American Forces Said to Bomb ISIS Targets in Iraq


I'm just going to leave it there...


----------



## R.C. Christian (Aug 7, 2014)

Cool, but it won't be enough.


----------



## JakeStarkey (Aug 7, 2014)

. . . "won't be enought" for what: to defeat ISIS?  Yes, that is correct.


----------



## hjmick (Aug 7, 2014)

If it's enough to get those people out of there and to relative safety, I'm good with that.


----------



## Howey (Aug 7, 2014)

hjmick said:


> If it's enough to get those people out of there and to relative safety, I'm good with that.

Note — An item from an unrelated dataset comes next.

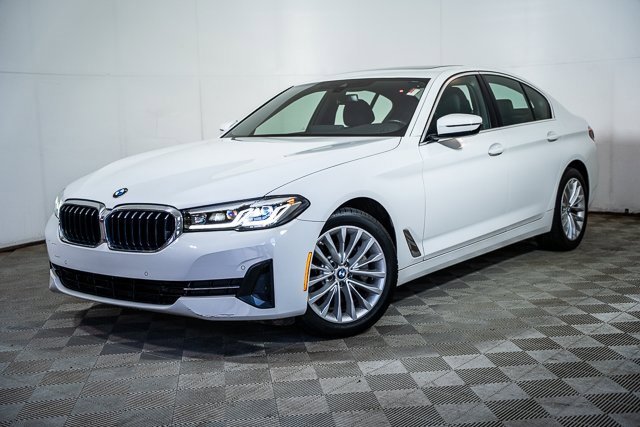 Used 2023 BMW 530i xDrive w/ Convenience Package image 5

That's all that's necessary. Those innocent people didn't ask to be used as what is effectively human shields.


----------



## skye (Aug 7, 2014)

May be President Hussein did the right thing....then again, may be he did shit as usual!

now the Pentagon is denying it... 


Pentagon Denies Report US Is Bombing ISIS Targets In Iraq | Business Insider


----------



## hjmick (Aug 7, 2014)

I did say "if this report is true..."


----------



## skye (Aug 7, 2014)

hjmick said:


> I did say "if this report is true..."



yes you did!  

(between you and me...President Hussein never does the right thing!)


----------



## JakeStarkey (Aug 7, 2014)

doesn't matter what you think, del, or me, for that matter

as long as some of those poor people are out of the way of those murdering heathen


----------



## hjmick (Aug 7, 2014)

ABC News is reporting that humanitarian airdrops have started...

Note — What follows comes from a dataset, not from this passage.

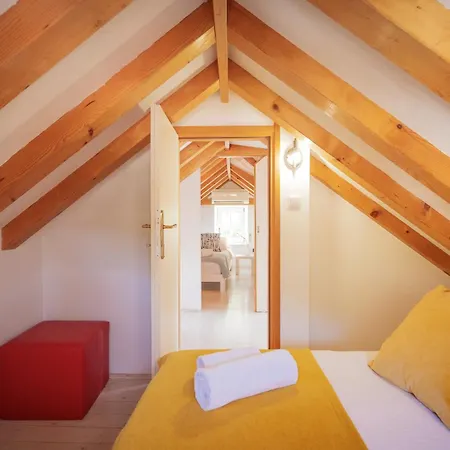 Stonehouse 22 - Zf Hvar Daire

US Begins Humanitarian Airdrop Mission in Iraq - ABC News


----------



## seeJudy (Aug 8, 2014)

America, go and save those people!


----------



## hjmick (Aug 8, 2014)

Well, it seems that last night's reports of air strikes were a tad premature.


Today, however, is a different story:


Airstrikes Begin: U.S. Navy Planes Drop Bombs on ISIS Forces - NBC News



Again I say, Mr. President, you made the right call. Credit where credit is due.


----------



## Bleipriester (Aug 8, 2014)

Remember that the Iraqi government requested US-Strikes weeks ago. 
Who understands the sudden sheepishness?
Nevertheless, it is a good step. Those gangsters have to be stopped.


----------



## Mad Scientist (Aug 8, 2014)

Bleipriester said:


> Remember that the Iraqi government requested US-Strikes weeks ago.
> Who understands the sudden sheepishness?
> Nevertheless, it is a good step. Those gangsters have to be stopped.

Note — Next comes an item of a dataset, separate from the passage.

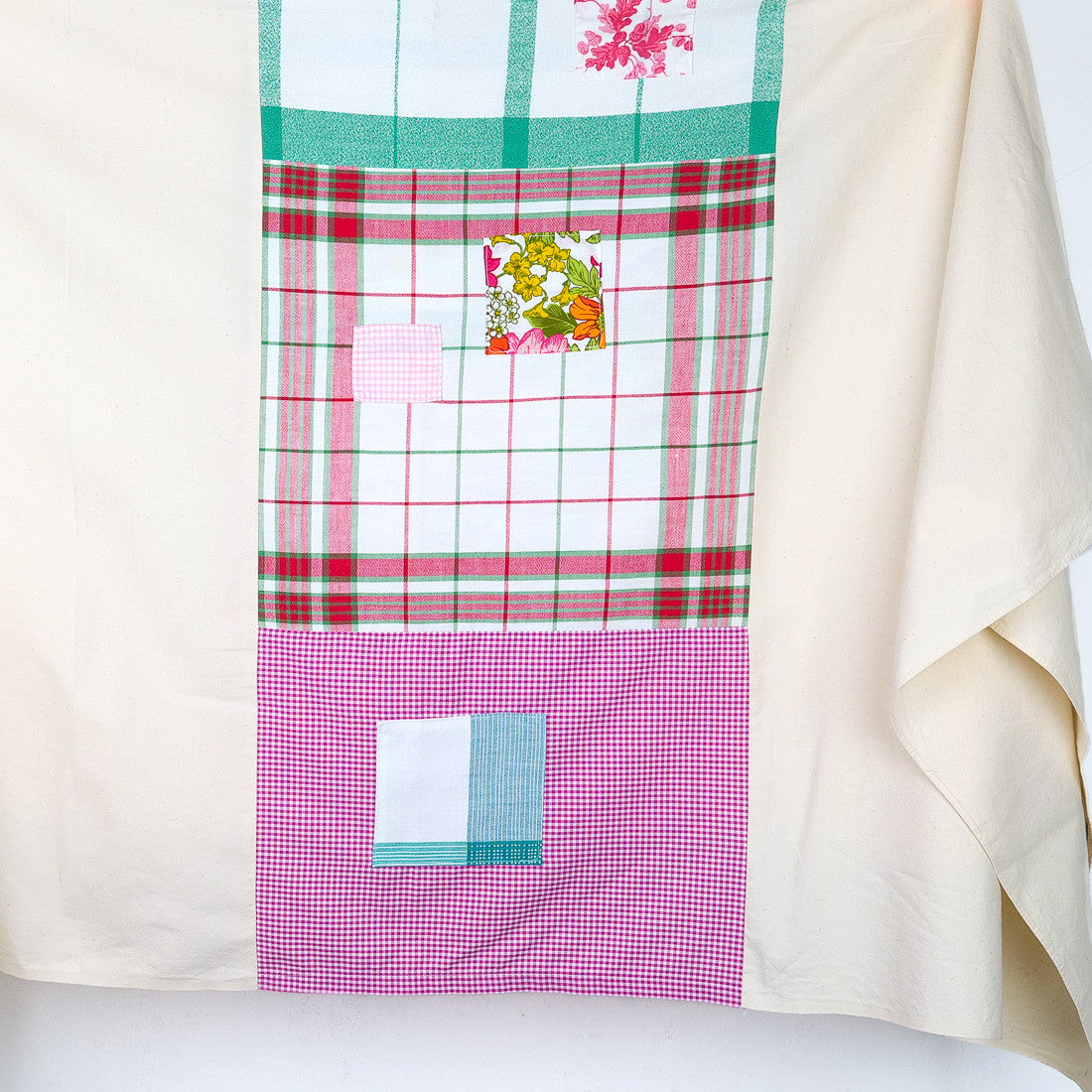 Nappe patchwork pièce unique rose vert bordeaux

Would have been easy for the US to bomb US funded Terrorists when they were an the way to Iraq. A few A-10's would have made short work of the long convoys.

But now ISIS is getting too close to "US Assets" (Exxon Oil Refineries) so Obama will show them where the boundaries are and where to stay out of.

Obama won't bomb them out of existence.


----------



## B. Kidd (Aug 8, 2014)

Yes, it is a day late, and will be a JDAM short!
Now, if the MOABs were brought out, THAT might be a different story. But they won't, and it'll be 'same as it ever was'...............


----------



## dilloduck (Aug 8, 2014)

Mad Scientist said:


> Bleipriester said:
> 
> 
> > Remember that the Iraqi government requested US-Strikes weeks ago.
> ...



Exactly--and if it helps a few innocent people civilians along the way he may get lucky and have it work out.


----------



## B. Kidd (Aug 8, 2014)

hjmick said:


> Well, it seems that last night's reports of air strikes were a tad premature.
> 
> 
> Today, however, is a different story:
> ...




You almost sound like you believe this administration actually knows what it's doing.......!


----------



## Samson (Aug 8, 2014)

Obama is willing to use American military might to protect Iraqi Christians and other religious minorities but not to prevent the slaughter of Muslims by other Muslims, either in Iraq or neighboring Syria.....

Why?


----------



## Samson (Aug 8, 2014)

dilloduck said:


> Mad Scientist said:
> 
> 
> > Bleipriester said:
> ...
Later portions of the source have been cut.